On reflection, I realized that if Trove could just support OAI-PMH, then it would be possible to download articles from it in bulk, using any of a number of existing OAI-PMH programs. I wouldn’t need to write software to perform a harvest; I only needed to translate between the OAI-PMH protocol and the Trove API. An easy win!

Retailer

At this point I sat down and knocked out some code, which I called Retailer because it’s a kind of shop-front with Trove as a warehouse behind it. Retailer is able to act as an OAI-PMH provider by translating any OAI-PMH requests it receives into Trove-style requests which it forwards on to the Trove API. Then it takes the response from Trove, formats it as an OAI-PMH response, and returns that.

Because the Trove corpus is so large, it’s not really feasible to harvest the entire thing. So I’ve made it possible to specify a search query, to limit the results to something more manageable. In OAI-PMH, a repository can divide its records up into so-called distinct sets, and with Retailer you can use a Trove query as one of these sets.

How to use it

Let’s go step by step through how to use Retailer to harvest from Trove. For now, I’m going to detail how to do this using Linux. I hope later I will add instructions for Windows and MacOS.

First you will need to register with the National Library and obtain an API key. This is a kind of random looking password which you must provide to the Trove API with every request you make, and hence you have to tell Retailer what it is.

Next you will need to install Retailer. Retailer is a Java Servlet, which means you must first have installed Java and a Java Web Server such as Apache Tomcat. On a Debian-based Linux, this is as simple as:
sudo apt-get install tomcat7

Now you will install Retailer. Download the retailer.war file and save it e.g.
mkdir /var/lib/retailer cp retailer.war /var/lib/retailer/retailer.war

To install it into Tomcat, you will need to create a file called retailer.xml in Tomcat’s configuration folder /var/lib/tomcat7/conf/Catalina/localhost with the following content. Copy and paste this and edit the trove key.

 path="/retailer" 
    docBase="/var/lib/retailer/retailer.war"
    antiResourceLocking="false">
   name="trove-key" value="your-key-here" override="false"/>

This is so that Retailer knows your Trove API key.

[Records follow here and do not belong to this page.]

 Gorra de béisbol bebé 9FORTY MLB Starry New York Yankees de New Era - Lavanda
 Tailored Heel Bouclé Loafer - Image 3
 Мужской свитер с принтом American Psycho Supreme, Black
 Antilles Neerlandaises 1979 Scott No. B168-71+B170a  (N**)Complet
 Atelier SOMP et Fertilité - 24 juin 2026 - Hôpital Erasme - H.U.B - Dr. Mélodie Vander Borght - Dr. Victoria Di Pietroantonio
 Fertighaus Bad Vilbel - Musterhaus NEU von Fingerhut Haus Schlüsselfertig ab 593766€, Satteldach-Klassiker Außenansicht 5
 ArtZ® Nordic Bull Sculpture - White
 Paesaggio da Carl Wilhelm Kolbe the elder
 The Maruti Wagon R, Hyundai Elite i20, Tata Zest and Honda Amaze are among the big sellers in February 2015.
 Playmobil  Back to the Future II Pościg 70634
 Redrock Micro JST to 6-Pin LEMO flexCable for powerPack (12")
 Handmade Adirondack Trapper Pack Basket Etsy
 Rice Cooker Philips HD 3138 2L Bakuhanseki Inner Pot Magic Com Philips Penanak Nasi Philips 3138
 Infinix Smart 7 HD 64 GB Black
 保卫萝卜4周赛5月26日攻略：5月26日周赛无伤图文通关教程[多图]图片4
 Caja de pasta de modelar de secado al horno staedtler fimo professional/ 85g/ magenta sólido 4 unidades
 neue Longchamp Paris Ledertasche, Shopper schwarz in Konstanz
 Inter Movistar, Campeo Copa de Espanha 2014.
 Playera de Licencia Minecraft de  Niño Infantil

Next you will need an OAI-PMH harvester. There are several of these available. I am going to use jOAI, which has the advantage that it’s also a Java Servlet. Download the jOAI zip file, unzip it, find the oai.war file, and copy it into the webapps folder of Tomcat.
unzip joai_v3.1.1.3.zip sudo cp joai_v3.1.1.3/oai.war /var/lib/tomcat7/webapps/

At this point, you should have all you need to start harvesting. Open your browser and navigate to http://localhost:8080/oai/admin/harvester.do – you should be talking to your jOAI harvester. Here’s where you set up your harvester. Click the “Add new harvest” button and fill out the form.

Field	Example value	Notes
Repository Name	`Trove`	Call it what you like, but “Trove” is an obvious name
Repository Base URL	`http://localhost:8080/retailer/`	This is the address of Retailer. Remember the harvester talks to Retailer, and behind the scenes Retailer is talking to Trove
SetSpec	`search:annular solar eclipse`	Enter a search query here. Don’t leave the SetSpec blank or jOAI will attempt to harvest all of Trove, which may take many months.
Metadata format	`html`	This is where you specify what format you want to retrieve data in. The most useful value here is definitely `html` (which retrieves the articles as web pages), but you can also use `oai_dc` (which retrieves only certain metadata, such as the article title and URL, in an XML format), and `trove` (which retrieves the articles in a similar format to that returned by the Trove API, with minimal reformatting).

Save the harvest configuration, and run it by clicking “All” under the heading “Manually Harvest”. After a few minutes, jOAI should have downloaded your web pages and point you at the folder where they can be found.